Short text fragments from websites
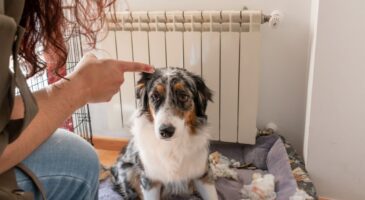 Les vétérinaires experts sont unanimes : "Les chiens ne savent pas qu’ils ont mal agi ; ils ressentent de la peur lorsque vous vous mettez en colère"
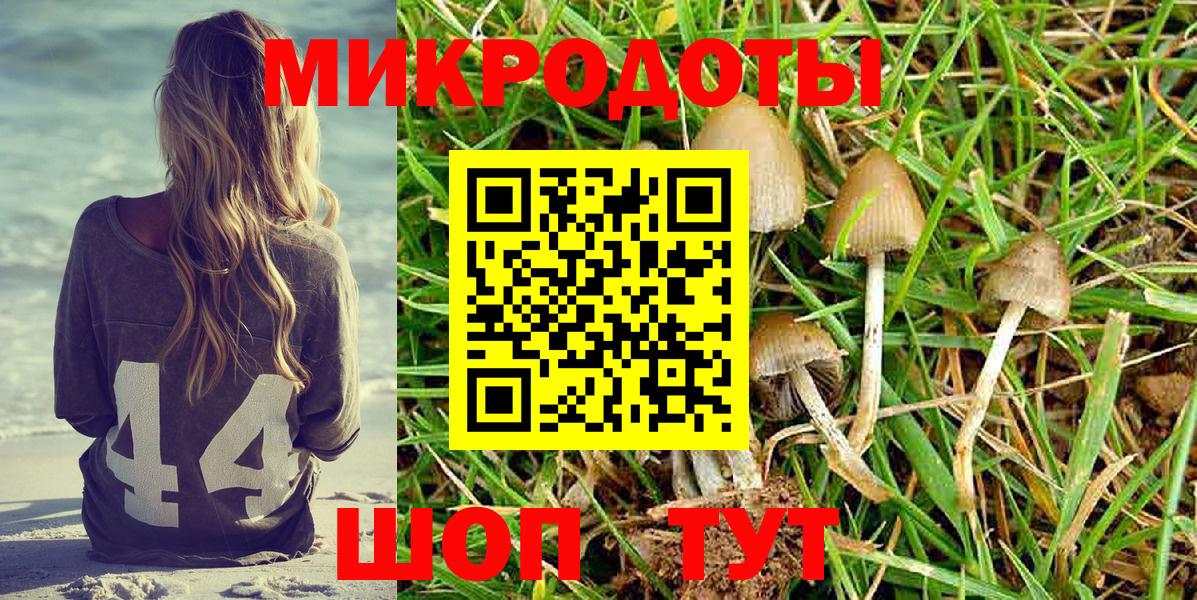 Галлюциногенные грибы MAGIC MUSHROOMS  Вход с VPN  Новошахтинск 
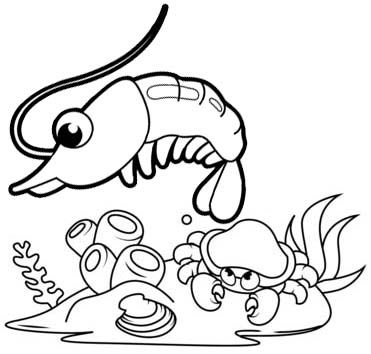 Cool and cute shrimp coloring pages for kids coloring pages for kids coloring pages animal coloring pages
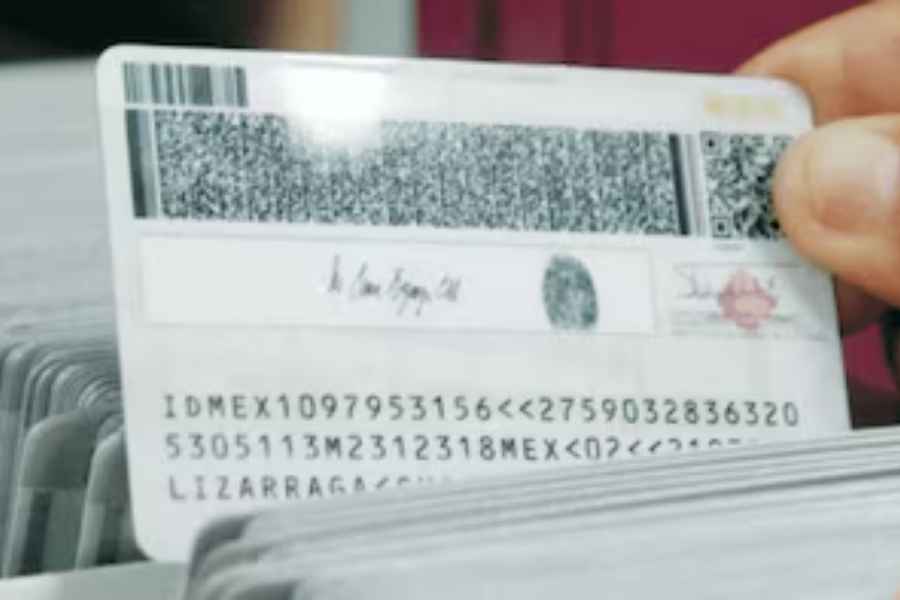 INE identidades datos biometricos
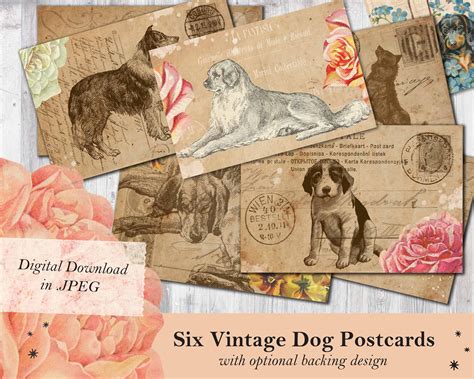 Vintage Dog and Flowers Postcards vintage dog postcards | Etsy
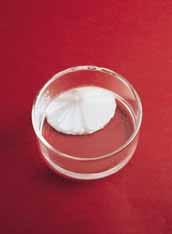 Sodium acetate crystals rapidly form when a seed crystal is added to a supersaturated solution of sodium acetate.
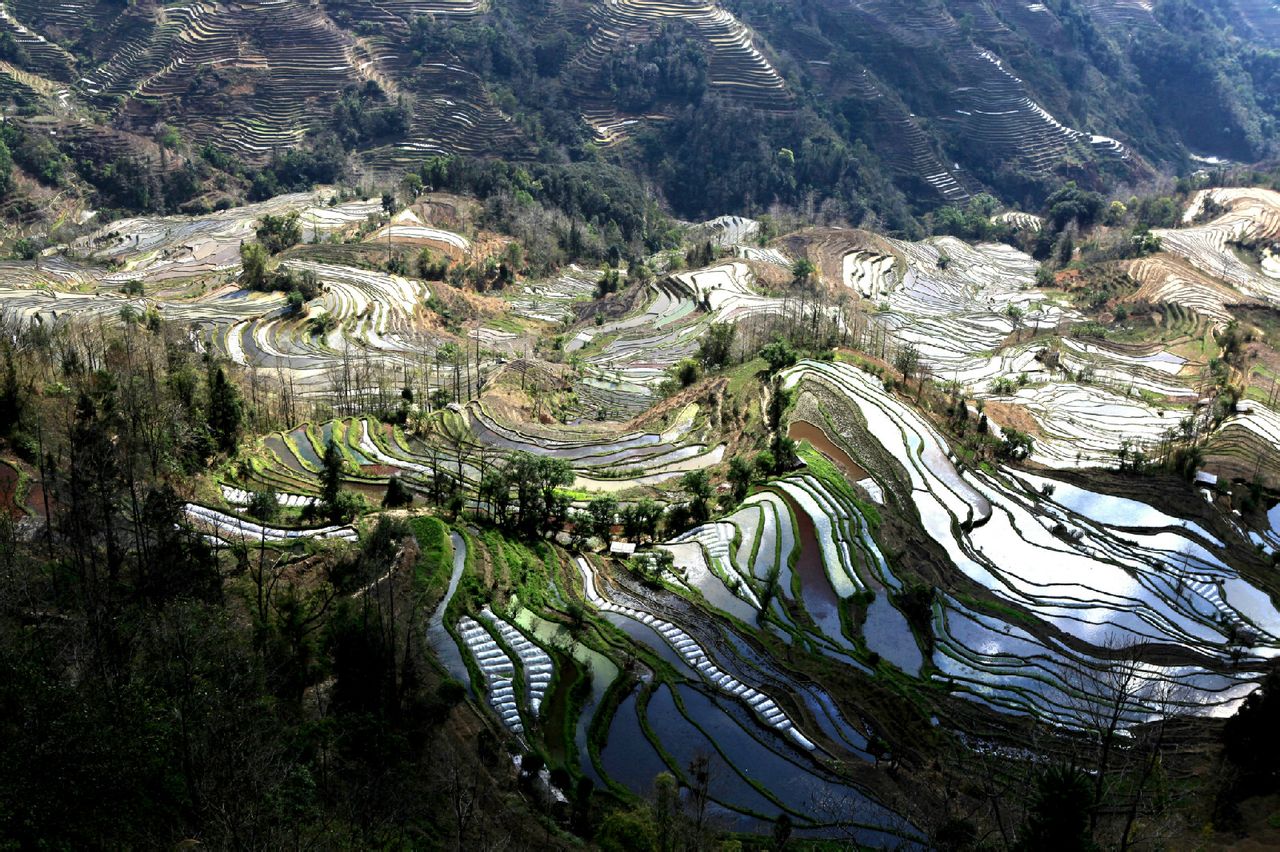 哈尼梯田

## What you have to do:
Could you write out the records exactly while omitting every picture?

## Solution:
 Les vétérinaires experts sont unanimes : "Les chiens ne savent pas qu’ils ont mal agi ; ils ressentent de la peur lorsque vous vous mettez en colère"
 Галлюциногенные грибы MAGIC MUSHROOMS  Вход с VPN  Новошахтинск 
 Cool and cute shrimp coloring pages for kids coloring pages for kids coloring pages animal coloring pages
 INE identidades datos biometricos
 Vintage Dog and Flowers Postcards vintage dog postcards | Etsy
 Sodium acetate crystals rapidly form when a seed crystal is added to a supersaturated solution of sodium acetate.
 哈尼梯田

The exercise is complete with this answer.